Los perros de Cook Inlet es un libro peligrosamente maduro, milagrosamente sabio. Si los datos en la cuarta de forros de este libro y el aspecto de ángel en el exilio de su autor no nos dijeran que Alberto nació en 1967, creeríamos, al leerlo, que fue escrito por un hombre mayor. Paradójicamente, Los perros de Cook Inlet sólo pudo haber sido escrita por un hombre joven, poderosamente convencido de que el enfrentamiento con uno mismo equivale a un examen de conciencia. Por esa sabiduría es que el autor logra mantener una distancia entre su experiencia y nuestra experiencia de lectura. No hay suma de anécdotas sino collage de imágenes, galería de personajes que se niegan a recibir el calificativo de folklóricos y reafirman su condición de auténticos sobrevivientes. Ejercicio espiritual y lucha por la sobrevivencia llana, atajos para vencer a la no menos poderosa melancolía, la escritura de Alberto está más cerca del Walden de Thoreau que de la abundante, mala y narcisista literatura de viaje, donde el paisaje es un estado del alma y un hedonismo que hace de cada lugar visitado un imperioÊde Disney. En Alberto, el paisaje y los hombres son un escenario por momentos fascinante y en otros al borde del abismo. En lugar de forjarse un héroe melodramático y complaciente, Alberto practica un experimento en apariencia opuesto al de Rimbaud.
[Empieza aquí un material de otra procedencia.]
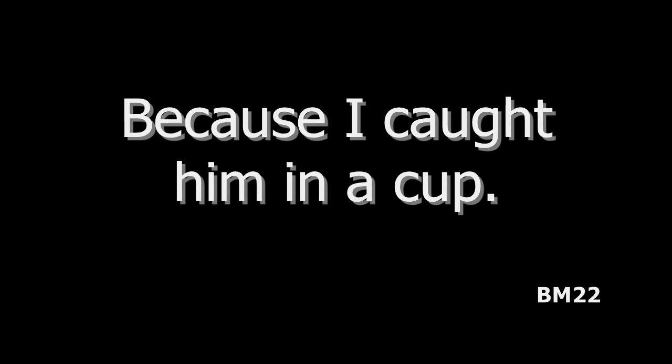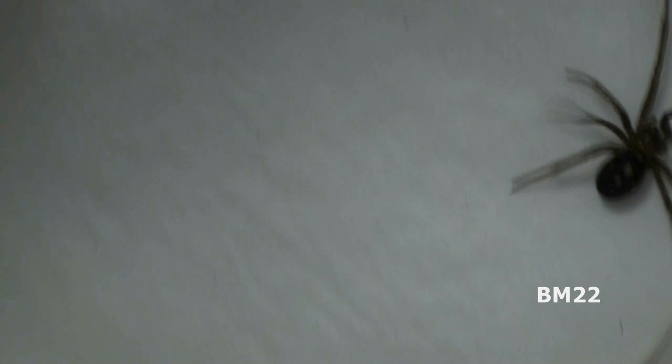If you remember, this is also from a video where I said, hey I don't know what this spider is, identify it. And this has been identified as a male false widow.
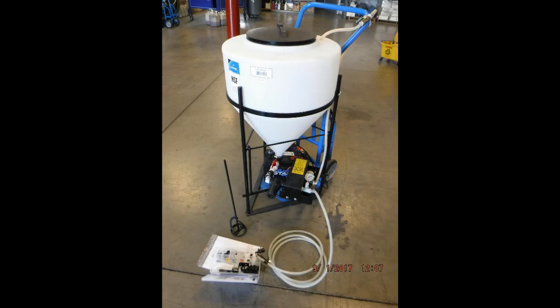Welcome to a video introduction of our Biominerals Technologies Portable Mini Seed Treater. As you can see, it is a very simple device with a tank, a battery powered pump, and the battery all mounted to a dolly for easy mobility.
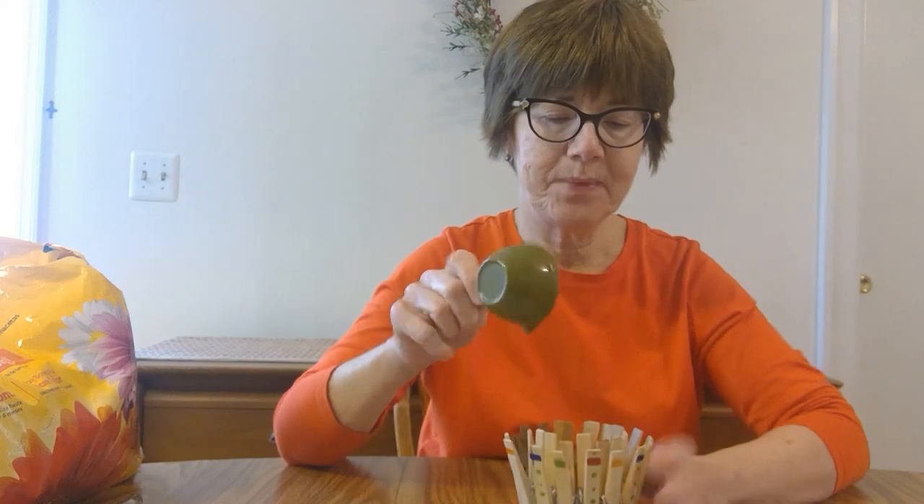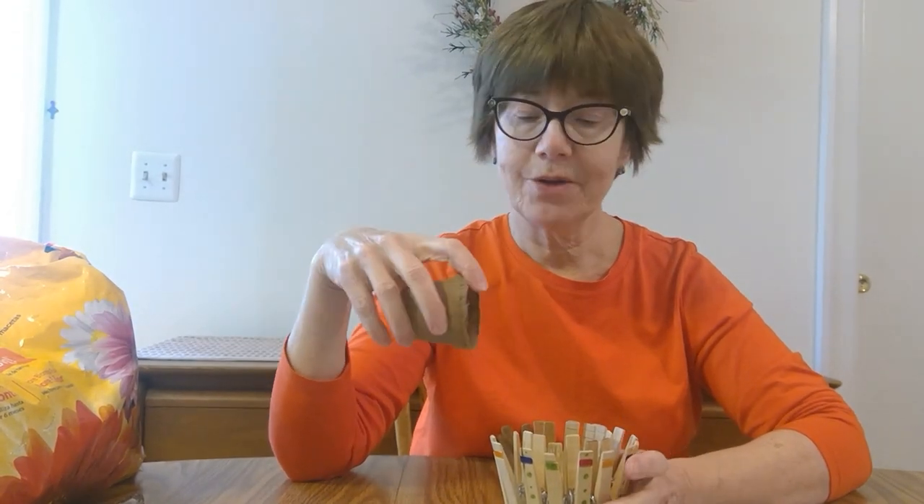Now I'm going to take my stones and pour them into the cup — that allows for drainage. I'm going to use this cup because I happen to have it in the garage, but if you don't have one, you don't need it.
Si en el de Charleville primero fue la aventura verbal y después la aventura de la acción, Alberto se inserta primero en otro silencio análogo para descifrar la manera en que hombres y animales, estaciones y hielos, árboles y auroras lo pautan con sus signos. Alaska en sus palabras aparece limpia y dura, y es como su prosa, precisa y cortante, cortés pero distante.
Lo más notable en este sentido es la manera en que Alberto fabrica un discurso formulado por un yo que es otro, que es los otros. Desde la permanencia en su primera y simbólica noche en el interior de una tienda de campaña que amanece empapada, hasta el regreso cíclico del final, donde el héroe ha cumplido con sus ritos de paso, Alberto hace desfilar una galeríaÊde personajes cuya autenticidad niega toda estampa costumbrista: son hombres que viven para trabajar en locales llamados canerías -afortunado y ambiguo anglicismo- y cuya labor oscura e ignorada concluye dignamente el ciclo heroico del salmón. Seleccionadores, cortadores y empacadores celebran su cotidiana liturgia para llevar el pez al cuerpo de los hombres, del mismo modo en que los balleneros del Pequod llevaban la luz a sus hogares desde el interior de la ballena.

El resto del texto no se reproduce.